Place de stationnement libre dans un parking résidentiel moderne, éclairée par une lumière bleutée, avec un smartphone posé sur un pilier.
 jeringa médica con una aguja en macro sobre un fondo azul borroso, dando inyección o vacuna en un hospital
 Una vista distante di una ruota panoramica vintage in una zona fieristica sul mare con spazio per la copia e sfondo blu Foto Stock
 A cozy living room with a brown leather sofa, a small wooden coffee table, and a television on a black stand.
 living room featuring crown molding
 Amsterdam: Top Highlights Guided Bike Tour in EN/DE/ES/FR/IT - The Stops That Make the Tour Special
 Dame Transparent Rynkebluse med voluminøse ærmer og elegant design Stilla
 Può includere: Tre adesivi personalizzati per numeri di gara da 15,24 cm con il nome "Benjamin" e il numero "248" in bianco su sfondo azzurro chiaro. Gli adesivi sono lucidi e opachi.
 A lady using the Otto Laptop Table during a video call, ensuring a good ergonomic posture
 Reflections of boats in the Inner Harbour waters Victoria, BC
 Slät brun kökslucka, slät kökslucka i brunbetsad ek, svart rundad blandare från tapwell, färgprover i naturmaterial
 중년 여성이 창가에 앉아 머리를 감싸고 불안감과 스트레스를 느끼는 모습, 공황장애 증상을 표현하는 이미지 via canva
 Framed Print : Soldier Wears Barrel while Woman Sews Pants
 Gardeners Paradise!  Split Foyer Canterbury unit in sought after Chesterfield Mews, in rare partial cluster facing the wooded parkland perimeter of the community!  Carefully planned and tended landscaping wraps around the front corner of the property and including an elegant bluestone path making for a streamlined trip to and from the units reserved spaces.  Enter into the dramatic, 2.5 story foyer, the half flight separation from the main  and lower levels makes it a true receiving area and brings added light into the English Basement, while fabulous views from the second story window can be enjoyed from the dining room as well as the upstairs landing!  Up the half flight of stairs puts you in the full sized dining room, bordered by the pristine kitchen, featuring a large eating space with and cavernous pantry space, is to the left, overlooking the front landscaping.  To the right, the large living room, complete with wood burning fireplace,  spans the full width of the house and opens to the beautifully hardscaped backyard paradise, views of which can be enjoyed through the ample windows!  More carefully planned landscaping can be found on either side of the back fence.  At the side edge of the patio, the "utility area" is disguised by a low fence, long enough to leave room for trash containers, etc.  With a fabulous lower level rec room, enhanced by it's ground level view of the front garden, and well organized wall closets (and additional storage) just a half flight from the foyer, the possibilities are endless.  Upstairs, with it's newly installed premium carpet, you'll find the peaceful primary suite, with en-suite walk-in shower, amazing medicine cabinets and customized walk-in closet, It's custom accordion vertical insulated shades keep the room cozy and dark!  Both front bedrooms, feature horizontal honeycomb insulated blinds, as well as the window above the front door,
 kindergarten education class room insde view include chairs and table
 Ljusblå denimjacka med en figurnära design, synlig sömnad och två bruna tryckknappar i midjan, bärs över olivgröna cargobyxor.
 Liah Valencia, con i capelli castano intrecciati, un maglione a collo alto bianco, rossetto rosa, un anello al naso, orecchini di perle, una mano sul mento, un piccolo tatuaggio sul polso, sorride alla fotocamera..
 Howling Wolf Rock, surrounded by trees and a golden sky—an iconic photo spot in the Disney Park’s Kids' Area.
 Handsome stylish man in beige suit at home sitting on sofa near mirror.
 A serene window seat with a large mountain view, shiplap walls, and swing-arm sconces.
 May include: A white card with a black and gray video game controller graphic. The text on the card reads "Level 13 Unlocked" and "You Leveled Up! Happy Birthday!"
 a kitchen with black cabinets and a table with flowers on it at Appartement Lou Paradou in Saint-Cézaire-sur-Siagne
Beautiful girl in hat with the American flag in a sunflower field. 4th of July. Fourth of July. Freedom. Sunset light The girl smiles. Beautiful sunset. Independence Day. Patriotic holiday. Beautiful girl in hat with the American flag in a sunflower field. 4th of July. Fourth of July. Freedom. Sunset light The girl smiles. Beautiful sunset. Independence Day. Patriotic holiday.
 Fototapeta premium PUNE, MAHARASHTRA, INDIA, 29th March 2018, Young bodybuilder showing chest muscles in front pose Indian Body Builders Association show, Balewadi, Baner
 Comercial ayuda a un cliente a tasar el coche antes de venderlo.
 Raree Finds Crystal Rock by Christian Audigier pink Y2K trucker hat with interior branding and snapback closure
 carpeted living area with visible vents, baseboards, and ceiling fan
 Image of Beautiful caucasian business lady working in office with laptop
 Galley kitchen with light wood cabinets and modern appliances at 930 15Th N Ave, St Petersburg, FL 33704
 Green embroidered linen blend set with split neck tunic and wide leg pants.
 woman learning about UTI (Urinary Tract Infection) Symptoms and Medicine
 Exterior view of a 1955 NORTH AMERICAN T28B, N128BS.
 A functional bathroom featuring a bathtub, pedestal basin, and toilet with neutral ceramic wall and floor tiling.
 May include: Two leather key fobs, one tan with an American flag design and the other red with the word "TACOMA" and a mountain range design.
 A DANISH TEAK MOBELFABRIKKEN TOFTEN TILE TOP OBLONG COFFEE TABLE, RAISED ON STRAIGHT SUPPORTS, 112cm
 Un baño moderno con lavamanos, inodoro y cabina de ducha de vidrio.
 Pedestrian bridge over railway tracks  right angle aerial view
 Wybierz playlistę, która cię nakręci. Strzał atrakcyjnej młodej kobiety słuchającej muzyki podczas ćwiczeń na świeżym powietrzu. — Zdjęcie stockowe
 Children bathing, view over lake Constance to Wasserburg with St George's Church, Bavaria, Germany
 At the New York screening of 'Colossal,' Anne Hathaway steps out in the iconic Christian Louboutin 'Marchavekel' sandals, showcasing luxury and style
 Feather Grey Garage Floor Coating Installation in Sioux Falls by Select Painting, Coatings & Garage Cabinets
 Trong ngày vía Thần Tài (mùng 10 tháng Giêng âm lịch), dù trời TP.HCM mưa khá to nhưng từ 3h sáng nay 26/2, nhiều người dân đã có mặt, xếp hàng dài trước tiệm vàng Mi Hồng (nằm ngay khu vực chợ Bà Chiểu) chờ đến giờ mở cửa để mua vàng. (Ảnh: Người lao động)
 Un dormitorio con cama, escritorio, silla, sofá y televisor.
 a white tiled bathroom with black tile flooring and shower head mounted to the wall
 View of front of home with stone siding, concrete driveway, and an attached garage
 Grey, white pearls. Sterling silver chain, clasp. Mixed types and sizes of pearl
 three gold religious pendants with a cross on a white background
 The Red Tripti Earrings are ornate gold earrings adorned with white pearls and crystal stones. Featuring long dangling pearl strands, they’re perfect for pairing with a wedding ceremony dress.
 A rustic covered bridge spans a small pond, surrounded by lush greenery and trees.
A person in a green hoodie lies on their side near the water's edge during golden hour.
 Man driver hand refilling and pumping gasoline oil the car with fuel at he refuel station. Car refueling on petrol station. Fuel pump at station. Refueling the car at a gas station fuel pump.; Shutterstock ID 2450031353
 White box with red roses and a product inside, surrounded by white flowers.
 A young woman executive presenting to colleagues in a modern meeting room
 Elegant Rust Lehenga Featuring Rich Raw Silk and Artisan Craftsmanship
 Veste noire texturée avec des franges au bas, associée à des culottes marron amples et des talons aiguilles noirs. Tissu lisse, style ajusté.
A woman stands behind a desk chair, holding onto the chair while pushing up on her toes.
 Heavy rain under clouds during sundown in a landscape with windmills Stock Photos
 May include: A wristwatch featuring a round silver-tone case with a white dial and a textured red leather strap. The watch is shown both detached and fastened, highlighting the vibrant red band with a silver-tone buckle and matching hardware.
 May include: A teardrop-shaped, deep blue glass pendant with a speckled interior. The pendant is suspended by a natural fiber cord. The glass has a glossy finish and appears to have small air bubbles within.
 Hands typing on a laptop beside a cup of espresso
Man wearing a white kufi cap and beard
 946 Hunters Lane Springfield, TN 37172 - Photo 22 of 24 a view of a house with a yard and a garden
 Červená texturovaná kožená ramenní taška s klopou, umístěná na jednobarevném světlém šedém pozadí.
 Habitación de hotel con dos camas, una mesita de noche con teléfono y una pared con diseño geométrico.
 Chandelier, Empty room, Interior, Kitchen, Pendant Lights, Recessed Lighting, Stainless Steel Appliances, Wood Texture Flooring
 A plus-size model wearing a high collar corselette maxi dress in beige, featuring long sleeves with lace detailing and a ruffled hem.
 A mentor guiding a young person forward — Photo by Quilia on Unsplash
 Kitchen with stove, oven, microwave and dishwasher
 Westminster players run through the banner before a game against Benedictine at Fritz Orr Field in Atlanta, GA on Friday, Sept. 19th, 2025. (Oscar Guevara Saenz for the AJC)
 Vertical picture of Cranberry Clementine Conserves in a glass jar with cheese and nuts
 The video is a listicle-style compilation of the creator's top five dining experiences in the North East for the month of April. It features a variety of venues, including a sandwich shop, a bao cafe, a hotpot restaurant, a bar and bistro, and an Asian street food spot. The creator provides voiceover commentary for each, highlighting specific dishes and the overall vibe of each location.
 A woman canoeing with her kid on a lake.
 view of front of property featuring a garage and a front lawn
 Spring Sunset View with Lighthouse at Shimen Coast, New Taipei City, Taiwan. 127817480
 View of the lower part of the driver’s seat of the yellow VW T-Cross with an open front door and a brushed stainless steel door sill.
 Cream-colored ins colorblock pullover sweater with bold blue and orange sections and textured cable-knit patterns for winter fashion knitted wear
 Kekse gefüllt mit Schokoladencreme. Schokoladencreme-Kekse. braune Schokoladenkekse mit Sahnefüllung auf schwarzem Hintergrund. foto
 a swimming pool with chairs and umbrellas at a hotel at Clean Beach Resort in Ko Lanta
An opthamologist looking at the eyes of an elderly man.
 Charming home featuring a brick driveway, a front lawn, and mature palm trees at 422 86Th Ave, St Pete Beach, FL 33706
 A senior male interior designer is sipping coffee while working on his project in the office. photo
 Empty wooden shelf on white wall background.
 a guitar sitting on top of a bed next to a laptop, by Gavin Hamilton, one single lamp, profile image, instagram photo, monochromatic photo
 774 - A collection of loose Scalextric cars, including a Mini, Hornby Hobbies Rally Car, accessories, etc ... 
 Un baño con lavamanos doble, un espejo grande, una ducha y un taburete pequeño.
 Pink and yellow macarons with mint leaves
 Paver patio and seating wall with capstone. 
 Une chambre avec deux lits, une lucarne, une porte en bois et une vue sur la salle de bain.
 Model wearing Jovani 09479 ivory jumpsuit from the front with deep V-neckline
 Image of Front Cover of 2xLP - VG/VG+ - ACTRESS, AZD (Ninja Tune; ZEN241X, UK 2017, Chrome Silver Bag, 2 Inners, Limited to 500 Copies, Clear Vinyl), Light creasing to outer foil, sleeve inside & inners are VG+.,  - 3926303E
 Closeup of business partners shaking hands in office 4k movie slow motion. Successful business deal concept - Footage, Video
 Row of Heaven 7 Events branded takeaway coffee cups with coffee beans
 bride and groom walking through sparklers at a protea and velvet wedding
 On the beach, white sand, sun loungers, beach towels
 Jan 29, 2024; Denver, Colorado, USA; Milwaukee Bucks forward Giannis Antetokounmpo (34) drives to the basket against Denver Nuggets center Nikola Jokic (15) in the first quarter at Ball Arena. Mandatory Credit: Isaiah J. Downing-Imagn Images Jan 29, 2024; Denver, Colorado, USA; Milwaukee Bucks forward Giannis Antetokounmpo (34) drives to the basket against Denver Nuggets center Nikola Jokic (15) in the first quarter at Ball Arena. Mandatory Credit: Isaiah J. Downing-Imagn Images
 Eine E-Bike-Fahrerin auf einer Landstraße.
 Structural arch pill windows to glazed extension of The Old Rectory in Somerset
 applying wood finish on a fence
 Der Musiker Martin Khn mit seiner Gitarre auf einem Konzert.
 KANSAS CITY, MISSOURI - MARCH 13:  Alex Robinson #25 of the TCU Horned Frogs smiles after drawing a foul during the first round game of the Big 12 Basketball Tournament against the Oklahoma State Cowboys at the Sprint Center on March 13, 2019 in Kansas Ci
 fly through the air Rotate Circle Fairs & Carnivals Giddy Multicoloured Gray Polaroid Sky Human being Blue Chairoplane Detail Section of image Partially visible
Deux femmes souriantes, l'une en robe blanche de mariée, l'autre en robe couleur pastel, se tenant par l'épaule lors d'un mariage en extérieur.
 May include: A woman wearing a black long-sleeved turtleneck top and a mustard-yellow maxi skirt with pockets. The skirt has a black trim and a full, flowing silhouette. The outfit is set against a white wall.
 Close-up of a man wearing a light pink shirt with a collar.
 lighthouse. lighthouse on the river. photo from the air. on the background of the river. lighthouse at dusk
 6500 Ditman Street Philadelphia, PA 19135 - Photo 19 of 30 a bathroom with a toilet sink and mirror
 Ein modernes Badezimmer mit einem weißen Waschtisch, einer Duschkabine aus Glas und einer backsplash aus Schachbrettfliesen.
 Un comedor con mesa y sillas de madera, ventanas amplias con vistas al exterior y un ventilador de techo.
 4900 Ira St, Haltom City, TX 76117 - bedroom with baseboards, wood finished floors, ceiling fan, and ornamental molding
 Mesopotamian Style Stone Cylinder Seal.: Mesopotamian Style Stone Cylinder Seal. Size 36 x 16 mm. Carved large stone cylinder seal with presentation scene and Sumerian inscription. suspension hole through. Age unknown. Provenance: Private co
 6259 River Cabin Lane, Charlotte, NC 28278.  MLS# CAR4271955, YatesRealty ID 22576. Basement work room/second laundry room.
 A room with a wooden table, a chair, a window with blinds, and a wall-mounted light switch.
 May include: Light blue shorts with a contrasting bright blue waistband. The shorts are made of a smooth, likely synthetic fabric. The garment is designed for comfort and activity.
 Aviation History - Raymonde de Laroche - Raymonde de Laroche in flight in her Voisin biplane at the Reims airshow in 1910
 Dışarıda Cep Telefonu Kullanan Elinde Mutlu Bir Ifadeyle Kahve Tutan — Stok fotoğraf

- **TASK GOAL**: Given the data above, transcribe exactly the lines from the one containing "A plus-size model" down to the one containing "Kitchen with stove, oven, microwave", and no others.

- **REPLY**:
 A plus-size model wearing a high collar corselette maxi dress in beige, featuring long sleeves with lace detailing and a ruffled hem.
 A mentor guiding a young person forward — Photo by Quilia on Unsplash
 Kitchen with stove, oven, microwave and dishwasher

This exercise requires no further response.